## Work order
Nothing but the lines from the start of the records through the line that contains "OSDA 590W High-Efficiency" is to be copied, and each is to be copied exactly.

[Crawled caption data]
:::

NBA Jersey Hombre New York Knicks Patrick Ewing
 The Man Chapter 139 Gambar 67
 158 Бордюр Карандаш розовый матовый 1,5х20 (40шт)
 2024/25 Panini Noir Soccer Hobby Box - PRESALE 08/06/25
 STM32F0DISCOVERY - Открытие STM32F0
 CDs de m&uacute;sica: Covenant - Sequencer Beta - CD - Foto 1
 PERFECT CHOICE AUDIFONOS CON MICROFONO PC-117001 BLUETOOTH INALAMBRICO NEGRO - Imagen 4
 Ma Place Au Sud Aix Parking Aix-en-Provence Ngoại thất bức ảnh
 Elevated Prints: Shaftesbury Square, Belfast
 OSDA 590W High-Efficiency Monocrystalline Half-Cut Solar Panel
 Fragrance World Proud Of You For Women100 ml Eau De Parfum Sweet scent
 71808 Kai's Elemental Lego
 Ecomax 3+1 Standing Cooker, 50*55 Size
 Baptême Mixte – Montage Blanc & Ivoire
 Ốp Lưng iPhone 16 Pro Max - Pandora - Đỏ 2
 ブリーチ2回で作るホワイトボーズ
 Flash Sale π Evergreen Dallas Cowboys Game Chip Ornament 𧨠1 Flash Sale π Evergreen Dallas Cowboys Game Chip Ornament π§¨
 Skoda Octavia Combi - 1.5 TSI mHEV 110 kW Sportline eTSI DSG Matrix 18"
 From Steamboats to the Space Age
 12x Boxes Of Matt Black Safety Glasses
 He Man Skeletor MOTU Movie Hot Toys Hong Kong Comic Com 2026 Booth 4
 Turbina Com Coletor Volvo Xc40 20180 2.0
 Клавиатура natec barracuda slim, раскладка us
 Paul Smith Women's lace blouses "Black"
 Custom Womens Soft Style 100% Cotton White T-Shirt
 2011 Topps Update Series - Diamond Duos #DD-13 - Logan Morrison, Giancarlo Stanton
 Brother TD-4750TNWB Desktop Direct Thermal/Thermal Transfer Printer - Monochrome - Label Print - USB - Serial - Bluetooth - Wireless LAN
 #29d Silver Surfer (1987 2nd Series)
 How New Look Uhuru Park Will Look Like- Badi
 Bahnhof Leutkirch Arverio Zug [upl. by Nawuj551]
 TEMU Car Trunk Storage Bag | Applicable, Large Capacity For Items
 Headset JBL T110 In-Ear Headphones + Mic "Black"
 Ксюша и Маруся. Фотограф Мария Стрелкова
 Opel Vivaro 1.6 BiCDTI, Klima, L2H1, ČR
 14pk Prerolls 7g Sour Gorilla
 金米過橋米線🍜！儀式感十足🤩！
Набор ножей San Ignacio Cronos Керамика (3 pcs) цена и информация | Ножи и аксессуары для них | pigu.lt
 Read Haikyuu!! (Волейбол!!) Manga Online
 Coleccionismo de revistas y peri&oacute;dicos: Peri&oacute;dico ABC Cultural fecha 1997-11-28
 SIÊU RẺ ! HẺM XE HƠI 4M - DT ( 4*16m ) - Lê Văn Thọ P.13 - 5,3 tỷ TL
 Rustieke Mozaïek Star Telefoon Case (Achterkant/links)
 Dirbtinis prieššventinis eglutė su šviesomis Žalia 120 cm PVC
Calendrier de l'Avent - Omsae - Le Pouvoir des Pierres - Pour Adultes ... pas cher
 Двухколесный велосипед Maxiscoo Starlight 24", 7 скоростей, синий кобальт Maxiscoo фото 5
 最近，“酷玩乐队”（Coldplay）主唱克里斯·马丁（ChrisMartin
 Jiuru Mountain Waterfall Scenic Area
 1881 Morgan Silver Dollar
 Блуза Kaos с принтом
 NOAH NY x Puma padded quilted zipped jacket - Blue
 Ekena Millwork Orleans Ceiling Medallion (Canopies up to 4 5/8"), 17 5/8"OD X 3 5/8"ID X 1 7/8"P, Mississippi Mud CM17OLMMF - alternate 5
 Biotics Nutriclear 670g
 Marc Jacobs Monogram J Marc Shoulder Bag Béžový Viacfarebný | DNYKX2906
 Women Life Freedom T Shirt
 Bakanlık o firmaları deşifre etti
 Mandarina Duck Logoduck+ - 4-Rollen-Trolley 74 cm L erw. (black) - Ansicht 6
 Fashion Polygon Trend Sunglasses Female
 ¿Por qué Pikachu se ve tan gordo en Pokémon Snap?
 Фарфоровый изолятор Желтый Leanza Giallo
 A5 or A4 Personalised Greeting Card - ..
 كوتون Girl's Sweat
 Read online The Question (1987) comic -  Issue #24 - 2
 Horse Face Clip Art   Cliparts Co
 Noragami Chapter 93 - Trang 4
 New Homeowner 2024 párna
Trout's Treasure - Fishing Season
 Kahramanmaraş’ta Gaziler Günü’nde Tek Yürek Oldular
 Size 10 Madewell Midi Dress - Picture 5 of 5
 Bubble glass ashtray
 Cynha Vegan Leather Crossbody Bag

:::

## Result of this task
NBA Jersey Hombre New York Knicks Patrick Ewing
 The Man Chapter 139 Gambar 67
 158 Бордюр Карандаш розовый матовый 1,5х20 (40шт)
 2024/25 Panini Noir Soccer Hobby Box - PRESALE 08/06/25
 STM32F0DISCOVERY - Открытие STM32F0
 CDs de m&uacute;sica: Covenant - Sequencer Beta - CD - Foto 1
 PERFECT CHOICE AUDIFONOS CON MICROFONO PC-117001 BLUETOOTH INALAMBRICO NEGRO - Imagen 4
 Ma Place Au Sud Aix Parking Aix-en-Provence Ngoại thất bức ảnh
 Elevated Prints: Shaftesbury Square, Belfast
 OSDA 590W High-Efficiency Monocrystalline Half-Cut Solar Panel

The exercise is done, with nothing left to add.